When a smart snippet is encountered, on the other hand, not only can the search engine get a much better idea about what the web page is about, but it is now able (if the snippets are set up properly) to actually describe things themselves. When Google reads that snippet, it actually creates a record about a particular book as a book, not simply as content on a web page. If you are looking to find books that are in the urban fantasy genre, feature a female doctor protagonist, is typically a two hour read, and is under $3 in price, Google will be able to bring up this particular book. Not only that, but because the book has a unique identifier, different reviewers can weigh in (from potentially multiple platforms) and these annotation reviews can then be linked to this identifier. Other applications can also read this same page and get this same information, and from it add other links that can be picked up by Google or other web applications.

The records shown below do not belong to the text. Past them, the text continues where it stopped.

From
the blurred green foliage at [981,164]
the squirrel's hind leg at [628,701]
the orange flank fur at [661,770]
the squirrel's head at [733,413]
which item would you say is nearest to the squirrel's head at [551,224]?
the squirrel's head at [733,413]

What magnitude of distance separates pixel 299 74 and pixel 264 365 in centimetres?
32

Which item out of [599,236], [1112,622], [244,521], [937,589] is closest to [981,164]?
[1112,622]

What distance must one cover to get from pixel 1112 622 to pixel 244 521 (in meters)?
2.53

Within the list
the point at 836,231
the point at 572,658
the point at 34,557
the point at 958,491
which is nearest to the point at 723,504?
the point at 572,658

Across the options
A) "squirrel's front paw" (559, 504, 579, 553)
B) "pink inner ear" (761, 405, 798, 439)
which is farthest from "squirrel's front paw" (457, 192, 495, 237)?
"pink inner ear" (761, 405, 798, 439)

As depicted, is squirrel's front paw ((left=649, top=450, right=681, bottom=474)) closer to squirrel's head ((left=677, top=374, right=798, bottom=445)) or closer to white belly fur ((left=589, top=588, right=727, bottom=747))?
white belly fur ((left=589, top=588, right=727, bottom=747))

This is called a knowledge graph, and it fulfills one of the basic visions of the Semantic Web when Web creator Tim Berners-Lee first described it publicly in a 2004 Scientific American article. This vision relies upon a common language for describing essential things ... the same language that is now emerging from schema.org. Smart snippets uses JSON-LD as a carrier, but it uses schema.org terms and relationships to describe not only things but how they relate to one another. The LD here stands for Linked Data, but can be thought of as ways of ascribing contextual information to resources that can be described in the virtual world.

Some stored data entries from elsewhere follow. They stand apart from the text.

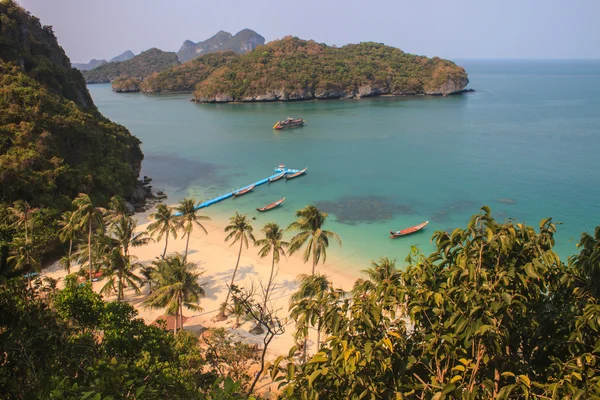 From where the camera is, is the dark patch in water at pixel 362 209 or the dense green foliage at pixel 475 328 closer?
the dense green foliage at pixel 475 328

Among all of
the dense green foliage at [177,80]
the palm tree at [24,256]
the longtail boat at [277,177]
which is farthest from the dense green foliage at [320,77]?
the palm tree at [24,256]

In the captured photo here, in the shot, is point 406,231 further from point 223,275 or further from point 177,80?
point 177,80

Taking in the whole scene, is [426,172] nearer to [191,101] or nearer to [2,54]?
[2,54]

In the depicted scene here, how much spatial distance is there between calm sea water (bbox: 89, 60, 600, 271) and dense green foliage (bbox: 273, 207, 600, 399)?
11597mm

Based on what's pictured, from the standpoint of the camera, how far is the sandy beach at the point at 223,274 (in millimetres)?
18469

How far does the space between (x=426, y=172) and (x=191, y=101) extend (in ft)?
299

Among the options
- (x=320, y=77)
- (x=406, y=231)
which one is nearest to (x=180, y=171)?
(x=406, y=231)

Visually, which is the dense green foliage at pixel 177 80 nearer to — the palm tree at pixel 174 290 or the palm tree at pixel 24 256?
the palm tree at pixel 24 256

In a business context, this same principle can be applied to both create and manage corporate knowledge bases. If you are a manufacturer, your catalog of goods also becomes a database. A potential customer (either consumer or business) could read the data from the catalog page for that book directly, rather than having to go through the complex process of setting up a data feed or a repository to extract content, can determine the retail price, the wholesale price, and relevant shipping information from that json-ld, and use that to place fifty orders for that book through other channels. A blogging or news site can generate JSON-LD smart snippets that describe specific events, and if those events happen to include a reference to your company or CEO, that relationship can be extracted (along with all other relevant information) and made available to your sales people to capitalize on those events or your data analysts to help factor the impact of this news to your company. In effect it makes it far easier for your own organization to create a dedicated mini-Google for retrieving relevant news, as well as making it far easier for other applications and search engines to identify metadata from your own press channels.

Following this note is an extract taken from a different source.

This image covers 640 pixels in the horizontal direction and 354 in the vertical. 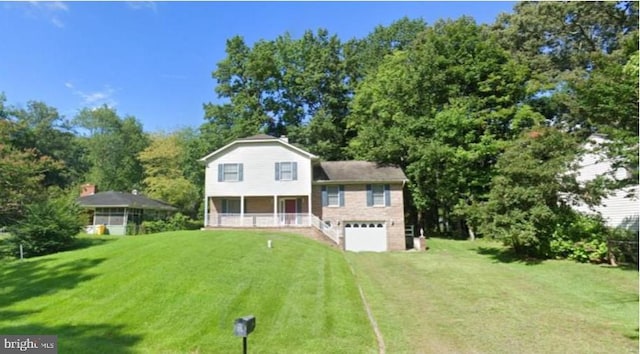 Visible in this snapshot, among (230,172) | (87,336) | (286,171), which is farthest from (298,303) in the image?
(230,172)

Similarly, by embedding Smart Snippets into your publishing or digital asset management systems, this provides a way to future proof classification - even if you don't currently have a way of doing anything with smart snippets, the ability to add such (either through manual production or entity extraction programs) insures that you can categorize your content so that it is not only consistent with internal standards, but also globally accessible when this media is published. Indeed, because schema.org also includes a number of rights management features and terminology, this metadata can be used to better insure that content goes only to the intended markets, and inappropriate or unavailable content is not inadvertently distributed, preventing liability headaches.
Communication can only take place when a common language exists. Schema.org very well has the potential to be that common language, and as such schema.org, linked data and json-ld should absolutely be on the watchlist for your digital transformation strategies.